Anybody interested in trying it out? I’m open to any board size, time settings, etc.
The issue I see is that black is winning in the image after playing 16 stones, while white is still losing after playing 20 (maybe that’s not a real issue maybe just a bad illustration - it’s a good scoring illustration though)
Tengen was already a good starting point on 9x9 so would the komi needed be large?
What about reversing the pyramid scores giving 5 points to the first line and 1 point to tengen?
Indeed, hence why I think it will do better on bigger boards! Although my example position is not realistic, I think it’s safe to say that the first move is extremely valuable on 9x9. Making komi bigger can make the game fair, but it will still be a bit boring (too similar to regular 9x9 game). On 19x19, it will not be possible for one side to claim all of the center, and it will look very different from a normal game.
I certainly wouldn’t mind trying other distributions later though! Two other playable ideas:
Star points worth 10, other points worth 1.
1st to 4th line worth 0 points, rest of board worth 1.
10 points! Also, a corner enclosure is worth more than usual too (in absolute terms). But Tengen will still be super valuable, because it exerts influence over all the most valuable points on the board.
Mirror go can be broken in all the normal ways, although the considerations on how to to do it in the best way (without giving the opponent a good chance to stop mirroring after making you play some bad move) would be a bit different from usual.
If black opens on tengen and mirrors for the rest of the game, and white doesn’t break it, black will win by 10 points (the value of tengen) assuming no komi.
We used a pie rule instead of komi: Martin decided that G7 would be the first move, and I then decided to take black.

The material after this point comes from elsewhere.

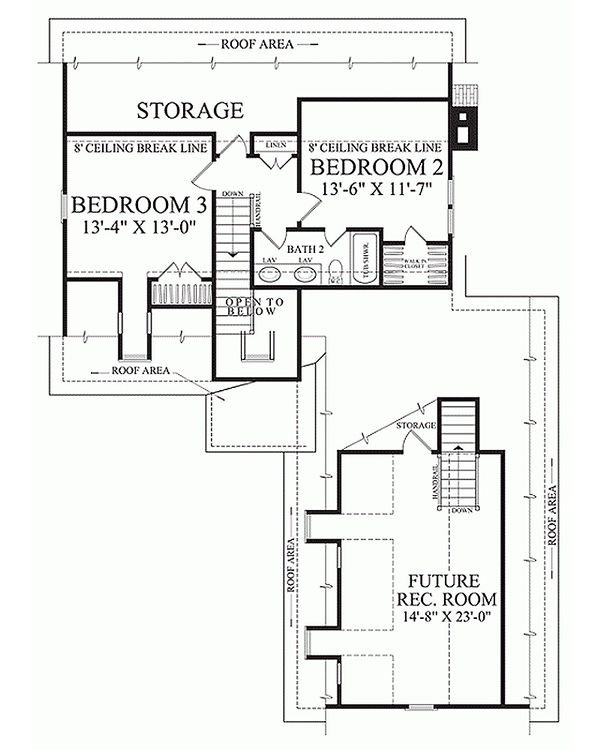 Southern Floor Plan - Upper Floor Plan #137-121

Edit: It was an exciting game! Things started in the center and moved outwards, as expected in this variant. Martin was ahead by alot in the middlegame, but towards the end we got into a close capturing race which I won by 1 liberty. The final score was B733 - W597.

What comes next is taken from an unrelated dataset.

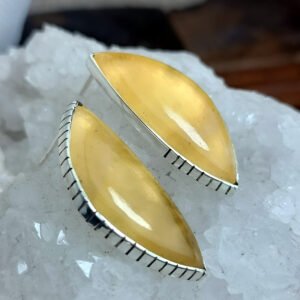 Yellow Fluorite Leaf Earrings — Silver 925°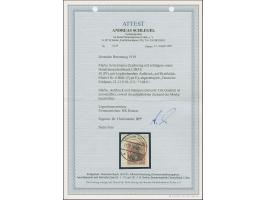 1919, Aufdrucktype II, roter Aufdruck: Germania 50 Pfennig dunkelgraulila/schwarz auf hellchromegelb, kopfstehender Aufdruck,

If anyone else wants to try this variant, the scoring tool should be pretty easy to use - just click (or click and drag) to place stones, hold down shift to place white stones. Territories are detected automatically, but you need to remove all dead stones from the board.
I’ve been thinking about how this fun alternative scoring rule could be extended to any board (in other words a general graph). I have an idea in mind but would love to hear your thoughts about it. What do you think about this proposition?
The distance of two vertices v, w of a connected graph is the length of a shortest v-w-path.
The excentricity of a vertex v is the maximum distance of v to another vertex.
The diameter of a graph is the maximum excentricity among its vertices.
Let G be a graph and v one of its vertices, let d(G) denote the diameter of G, ex(v) denote the excentricity of v.
The pyramid-go-value of v is 1 + d(G) - ex(v)
Does this definition give the same values for square boards as your original proposal? I’m not sure if I’ve understood it, and maybe something simpler to understand would be better. Could you provide some examples to justify this particular choice?